Di sisi lain, efektivitas sistem Core Tax Administration System (CTAS) yang baru diterapkan sejak Januari 2025 juga patut dipertanyakan. Sistem ini bertujuan meningkatkan pengawasan dan akurasi data perpajakan, tetapi gangguan teknis yang terjadi sejak awal implementasi menimbulkan tantangan tersendiri bagi wajib pajak. Banyak pelaporan yang tertunda akibat kendala teknis, sehingga lonjakan angka pelaporan SPT bisa jadi bukan refleksi dari kepatuhan yang lebih baik, melainkan karena akumulasi wajib pajak yang baru dapat melaporkan setelah sistem lebih stabil.

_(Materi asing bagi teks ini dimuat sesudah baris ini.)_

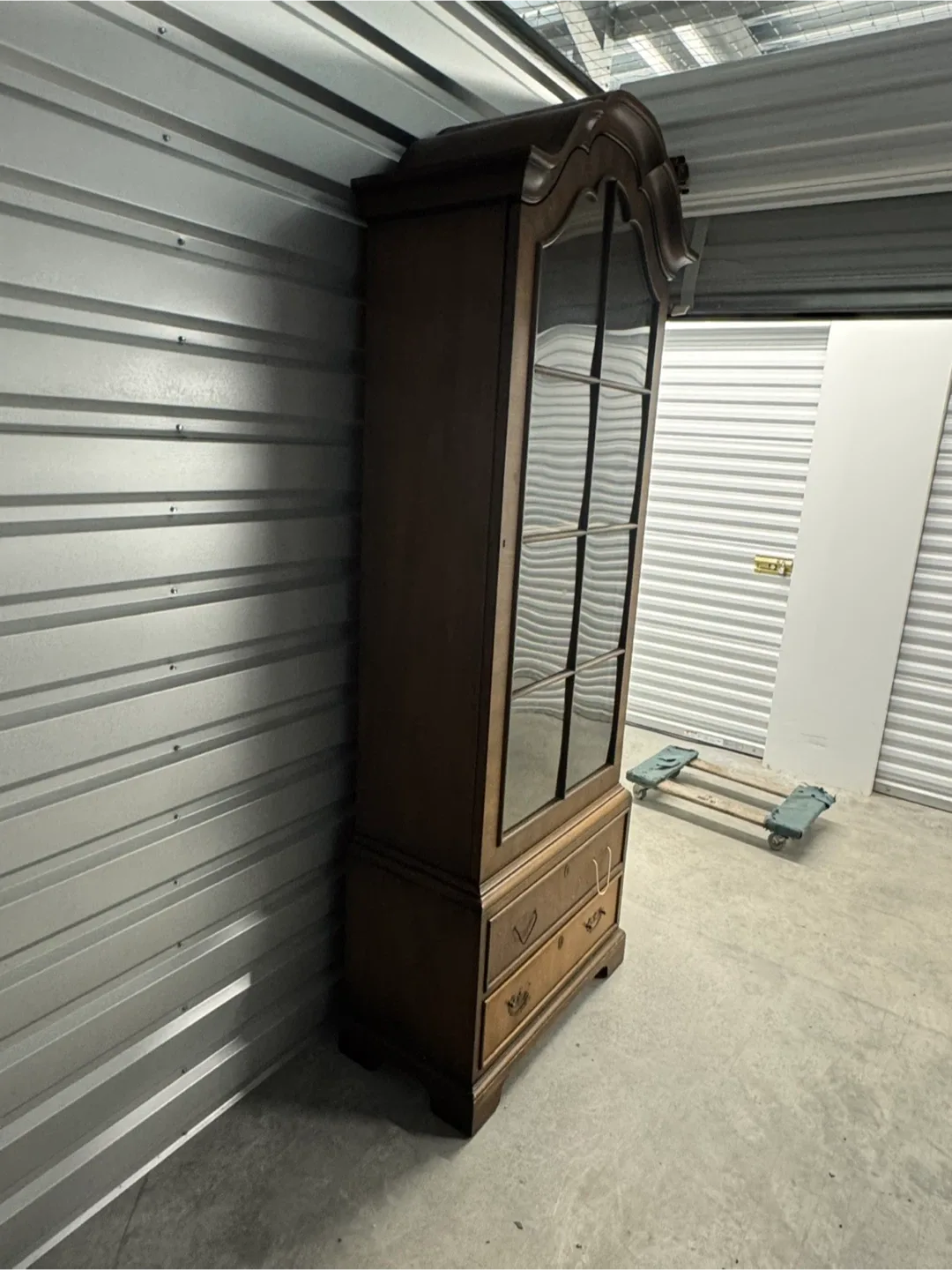 Wooden Display Cabinets image indicator(3)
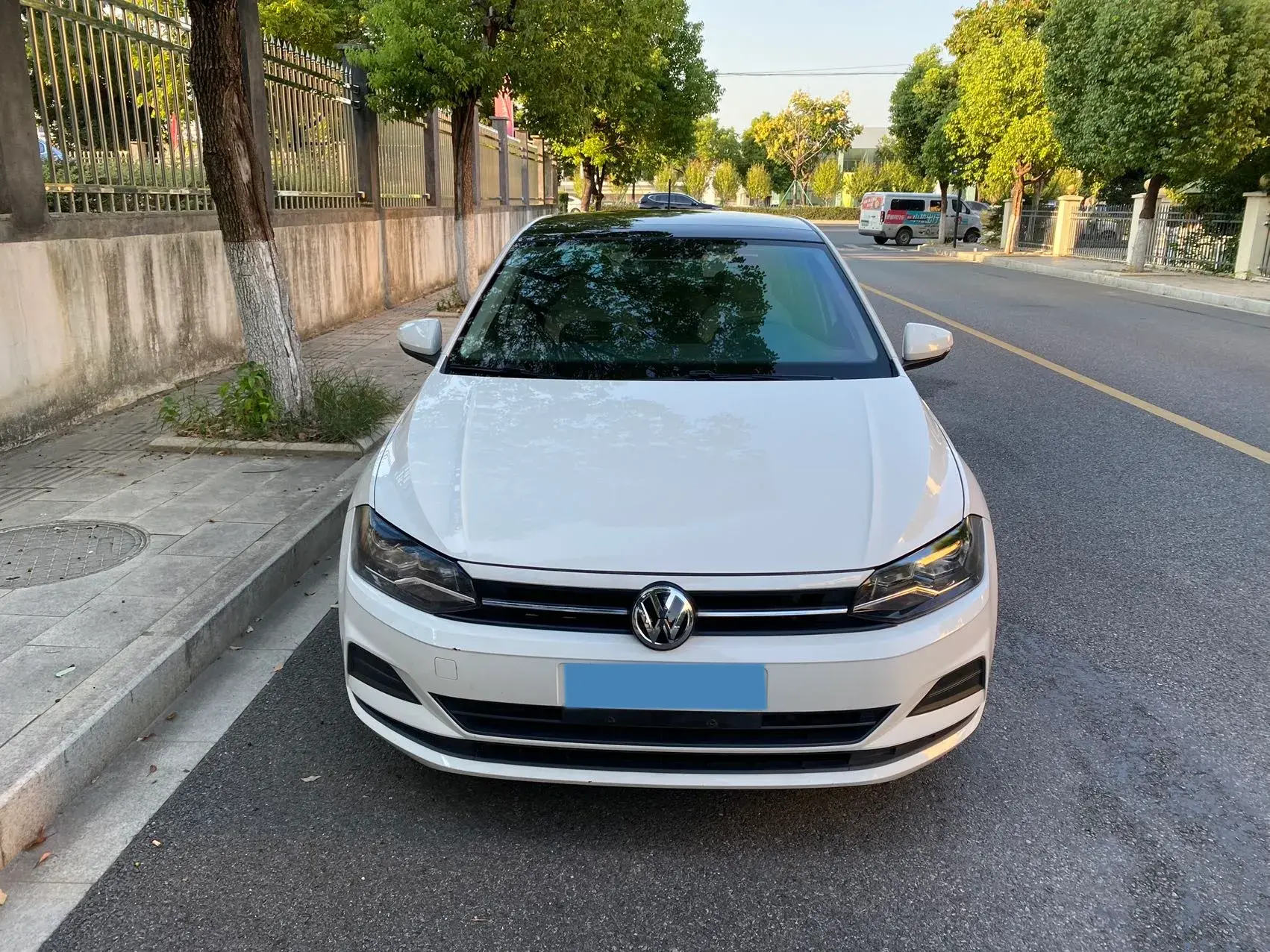 2019 VOLKSWAGEN POLO thumbnail 4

CTAS sendiri hanyalah sebuah sistem administrasi, bukan solusi atas rendahnya kesadaran pajak di masyarakat. Sistem ini memang mempermudah wajib pajak dalam melaporkan pajak mereka, tetapi tanpa transparansi dan kepercayaan terhadap otoritas pajak, kepatuhan yang dihasilkan hanya bersifat sementara dan terpaksa.
Belajar Dari Negara Lain
Jika Indonesia ingin meningkatkan kesadaran pajak dan membangun kepatuhan yang berkelanjutan, strategi yang diterapkan di negara-negara maju dapat menjadi referensi. Jepang telah sukses meningkatkan kepatuhan pajak dengan mengintegrasikan edukasi pajak ke dalam kurikulum sekolah, sehingga masyarakat memahami pajak sejak usia dini. Swedia menekankan transparansi dengan melaporkan secara publik bagaimana pajak digunakan, yang meningkatkan kepercayaan masyarakat terhadap pengelolaan pajak oleh pemerintah. Estonia telah menerapkan digitalisasi perpajakan yang efisien, memungkinkan pelaporan pajak dilakukan hanya dalam hitungan menit melalui sistem otomatis, sehingga mempermudah wajib pajak dalam memenuhi kewajibannya.
Amerika Serikat secara aktif melakukan kampanye kesadaran pajak, termasuk menyediakan layanan konsultasi gratis agar wajib pajak lebih memahami hak dan kewajibannya. Sementara itu, Jerman menerapkan penegakan hukum yang tegas tetapi tetap memberikan opsi pemulihan bagi wajib pajak yang melaporkan kesalahan secara sukarela, sehingga kepatuhan pajak meningkat tanpa harus sepenuhnya bergantung pada sanksi berat. Dengan mengadopsi pendekatan-pendekatan ini, Indonesia dapat menciptakan sistem perpajakan yang lebih transparan, efisien, dan berbasis kepercayaan, sehingga kesadaran serta kepatuhan pajak masyarakat dapat tumbuh secara lebih alami dan berkelanjutan.
Baca juga : Core tax Sistem Segera Rampung, Inilah Beberapa Perubahan Tata cara Pelaporan SPT
Namun, Indonesia memiliki tantangan tersendiri yang membedakannya dari negara-negara maju tersebut. Negara seperti Swedia dan Jepang memiliki tingkat korupsi yang rendah dan sistem administrasi yang sangat baik, sehingga transparansi dan kepercayaan masyarakat terhadap pemerintah dapat terjaga. Di Indonesia, masih ada tantangan besar dalam membangun transparansi dan memberantas korupsi di sektor perpajakan. Oleh karena itu, adopsi strategi negara maju perlu disesuaikan dengan konteks Indonesia, misalnya dengan memperbaiki pengawasan internal di DJP, meningkatkan transparansi dalam pelaporan penggunaan pajak, serta memberikan insentif bagi wajib pajak yang taat.
Jika Indonesia ingin meningkatkan kepatuhan pajak secara jangka panjang, strategi-strategi ini perlu diadaptasi. Integrasi edukasi pajak dalam sistem pendidikan, peningkatan transparansi penggunaan pajak, digitalisasi layanan yang lebih efisien, serta komunikasi yang lebih baik dengan masyarakat merupakan langkah konkret yang dapat memperbaiki sistem perpajakan Indonesia. Namun, langkah pertama yang paling krusial adalah meningkatkan transparansi pengelolaan pajak. Tanpa transparansi yang jelas, edukasi pajak dan digitalisasi sistem perpajakan tidak akan cukup untuk meningkatkan kepercayaan masyarakat terhadap otoritas pajak.